Nas três últimas décadas, as organizações do movimento negro têm sido incansáveis na demonstração de fatos que comprovam o tratamento diferenciado dispensado à populaçãoafro-descendente. Neste sentido, essas organizações contribuíram para a destituição da idéia generalizada de que o Brasil "constituía" uma democracia racial. De fato, tomar para si a tarefa de dizer que não vivíamos sob uma democracia racial foi, antes de mais nada, um ato político de grande envergadura. Recusou-se, assim, o ideal de identidade nacional baseado na exclusão de um grupo que, sem sombra de dúvidas, constitui hoje, tanto quanto no passado,recurso humano impossível de ser ignorado para qualquer pessoa preocupada com o destino do país.
Enfim, a despeito do que alguns setores tentam nos fazer crer, a crítica elaborada pelo movimento negro sobre a precariedade em que vive os afro-descendentes e suas propostas de superação desse quadro não significa alimentar divisionismo ou estabelecer privilégios infundados. Ao contrário, as demandas do movimento negro qualificam tanto o debate sobre a pertinência de políticas públicas adequadas às necessidades da população quanto o sentido real das políticas de desenvolvimento para o país.As propostas de estabelecimento de políticas de ação afirmativa voltadas à população afrodescendentes são um bom exemplo. De fato, estamos vivendo um momento particularmente estimulante do debate sobre as questões sociais em nível global, sendo quase impossível mencionar quais análises e perspectivas visando a superação de problemas semelhantes não possuem fundamento adequado para a sua sustentação, aceitação e aplicação em nosso país.

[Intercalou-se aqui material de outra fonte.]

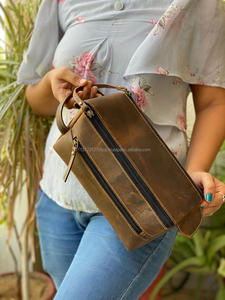 Bolsa de aseo de cuero genuino para hombre y mujer, kit de herramientas de aseo, bolso de cuero marrón, Unisex - Product Image 3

Os acordos e consensos sobre as questões sociais ganharam prestígio internacional e reconhecimento suficientemente abrangente para não se deixarem abalar pela defesa dos particularismos nacionais. As experiências que culminaram em programas de ação têm sido responsáveis por uma elaboração mais coletiva sobre o conceito de desenvolvimento e pela renovação do entendimento sobre igualdade, eqüidade e participação social.
De fato, o que se tem mais claramente posto em xeque são as noções sobre o conceito de igualdade e o princípio das oportunidades iguais. O fundamental é ultrapassar as noções de cidadania política - eleger e ser eleito - para centrar-nos na idéia de cidadania social, ou seja, a prerrogativa de cada pessoa gozar de uma padrão mínimo de bem-estar econômico e seguridade social. É por isso que causa espanto e indignação as acusações de que o estabelecimento de políticas de ação afirmativa seja um privilégio. Afinal tem sido a população afro-descendente a parcela mais afetada no gozo de padrões mínimos de bem-estar econômico e seguridade social. Os mais recentes estudos sobre a situação social e econômica da população afro-descendente tem demonstrado isso de forma incontestável.